Chinese market demand bringing insane prices to French wines
Wine afficianados are already salivating over the 2009 Bordeaux vintage, although the wines are still in barrels, busily converting grapes to gold. Critics postulate that this could turn out to be one of the greatest years for French wine, thanks to a wet spring and a warm, dry, sunny summer. According to the Wine Spectator, the wines are "so fantastic they [vintners] are enjoying them straight from the vat."
The best of the best also have investment value. Many consumers buy wine futures (the French term for which is sale en primeur) for bottlings from the best vineyards, gambling before harvest on the quality of the wine that will be delivered in a couple of years, after the wine has aged properly.
One of the agents that markets wine, a négotiant, told the Spectator that he expected that the Chinese market would buy more than half of the futures for first-growths, the pinnacle class of Bordeaux wines. According to the Wall Street Journal (subscription required) a case of Château Lafite Rothschild 2009 futures went from $18,000 to $23,000 within four days after sales began. An '09 Chateau Petrus for delivery in November of 2012 is selling on Wine.com for $2,599 a bottle with a limit of 12 bottles per order.
Fine wines have become a status symbol in China, even though a 50% tax is added to imported wine.
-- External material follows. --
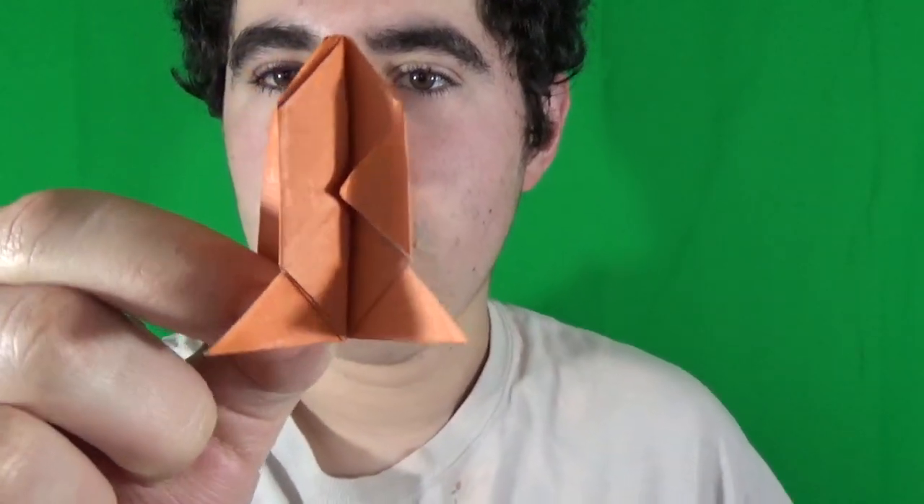Hey everyone, what's up? Guess what we're folding today. I'm going to show you how to make this new model I designed. Check it out. It is an origami rocket ship and it's folded from a single square sheet of paper, no cutting, taping, or gluing.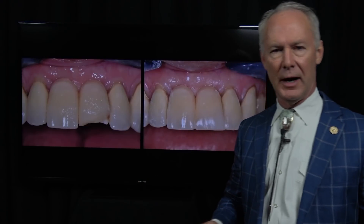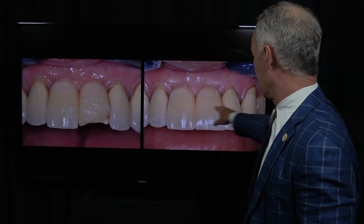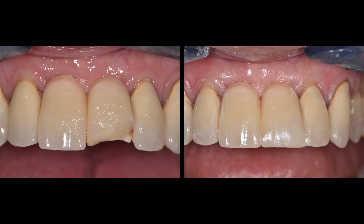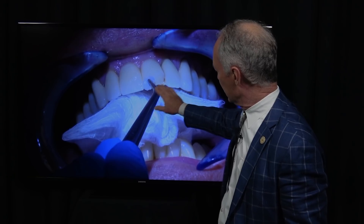Porcelain repair: what do you do when porcelain fractures off of a bridge or a crown? Do you remake the bridge or crown? In a case like this, you've got a four-unit bridge and you hate to do that if you can do something else. So let's talk about this technique.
The Journal reports that the wealthy in that country bought 39 times more Bordeaux in 2009 than in 2000. In just on year, 2009, it imported almost twice the amount as in 2008. The International Wine and Spirit Record projects that the country will consume 1.26 billion bottles of wine by 2013. Sales of the top-drawer Champagne, Tattinger, have grown by 40% a year, projected to reach 100,000 this year.
I fear that I'll have to cultivate a taste for wines from other regions that new wealth has not discovered and inflated the prices; perhaps California, Italy, or Chile.